Let $\overline{abcd}$ be $4$ digit number, such that we can do transformations on it. If some two neighboring digits are different than $0$, then we can decrease both digits by $1$ (we can transform $9870$ to $8770$ or $9760$). If some two neighboring digits are different than $9$, then we can increase both digits by $1$ (we can transform $9870$ to $9980$ or $9881$). Can we transform number $1220$ to: $a)$ $2012$ $b)$ $2021$

2017 Irish Math Olympiad, 1

Tags: multiple , digit , number theory

Determine, with proof, the smallest positive multiple of $99$ all of whose digits are either $1$ or $2$.

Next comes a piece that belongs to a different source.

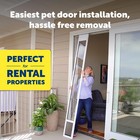 Petsafe Sliding Glass Pet Door - No-cut Diy Install Doggy Door For Renters -    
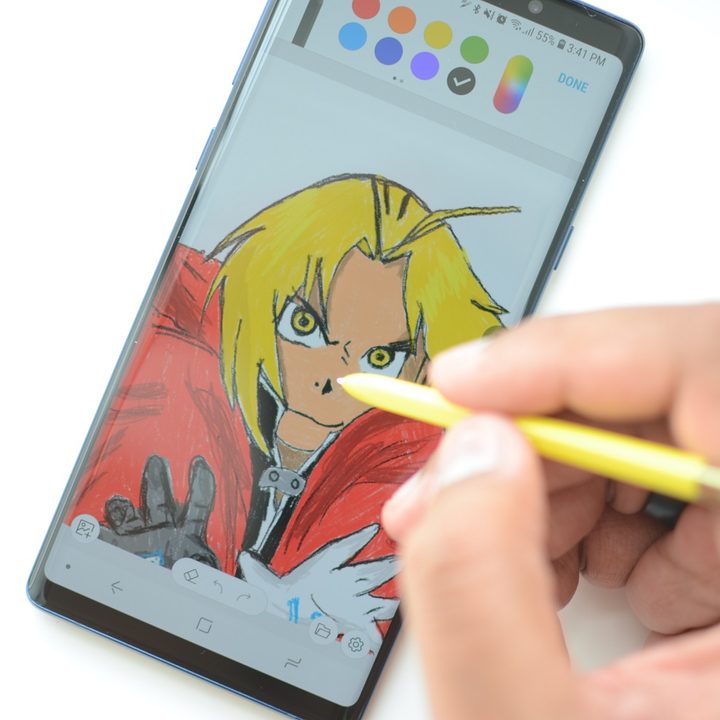 all the s pen features on galaxy note 9 drawing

2013 Saudi Arabia IMO TST, 3

Tags: digit , divisor , number theory

For a positive integer $n$, we consider all its divisors (including $1$ and itself). Suppose that $p\%$ of these divisors have their unit digit equal to $3$. (For example $n = 117$, has six divisors, namely $1,3,9,13,39,117$. Two of these divisors namely $3$ and $13$, have unit digits equal to $3$. Hence for $n = 117$, $p =33.33...$). Find, when $n$ is any positive integer, the maximum possible value of $p$.

2018 Pan-African Shortlist, N2

Tags: number theory , divisibility , digit

A positive integer is called special if its digits can be arranged to form an integer divisible by $4$. How many of the integers from $1$ to $2018$ are special?